### EXCERPTED DATA
◇ ◇ ◇ ◇ ◇

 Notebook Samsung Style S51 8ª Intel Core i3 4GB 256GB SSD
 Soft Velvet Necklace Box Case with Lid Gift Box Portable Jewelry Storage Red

◇ ◇ ◇ ◇ ◇

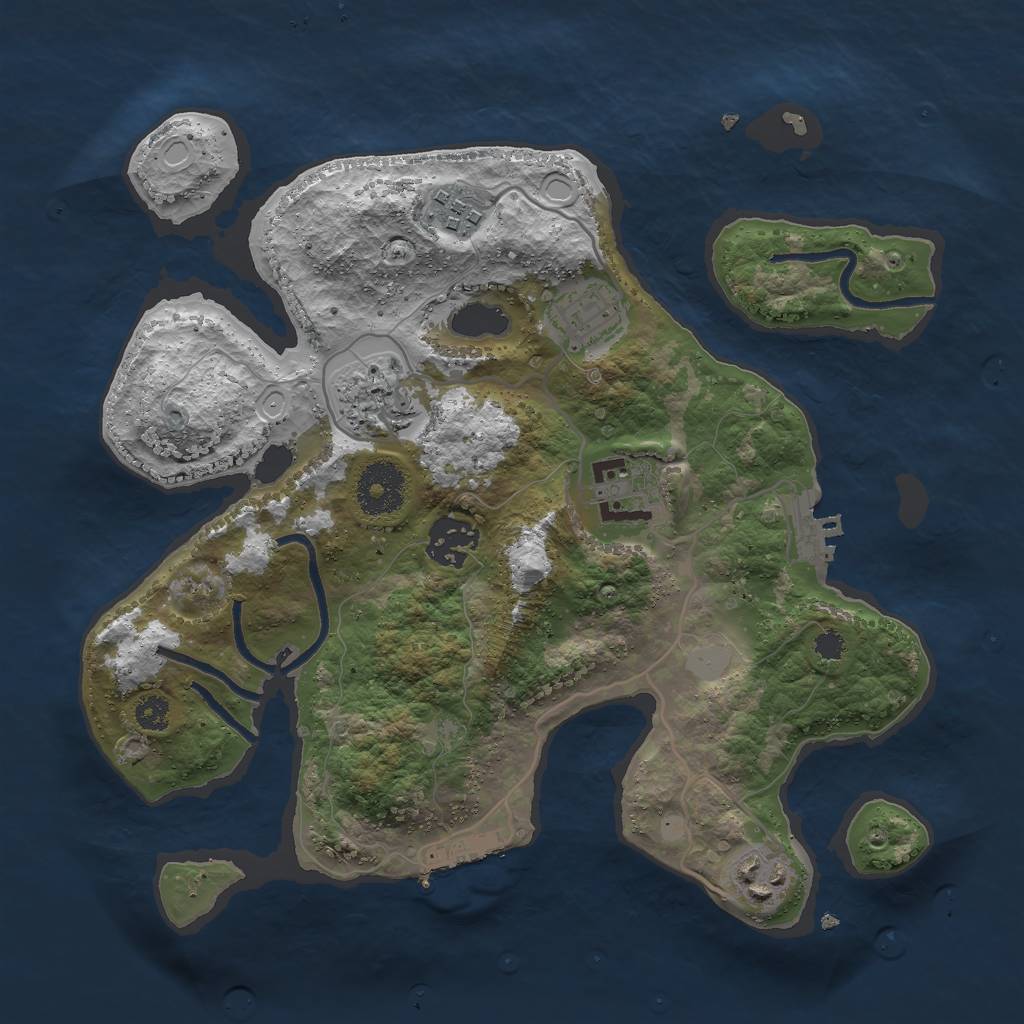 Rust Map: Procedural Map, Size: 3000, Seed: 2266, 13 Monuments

◇ ◇ ◇ ◇ ◇

### WORK ORDER
Exactly the lines above from the one with "Notebook Samsung Style" to the one with "Soft Velvet Necklace", both included, are to be quoted; leave the rest out.

### WRITTEN RESPONSE
 Notebook Samsung Style S51 8ª Intel Core i3 4GB 256GB SSD
 Soft Velvet Necklace Box Case with Lid Gift Box Portable Jewelry Storage Red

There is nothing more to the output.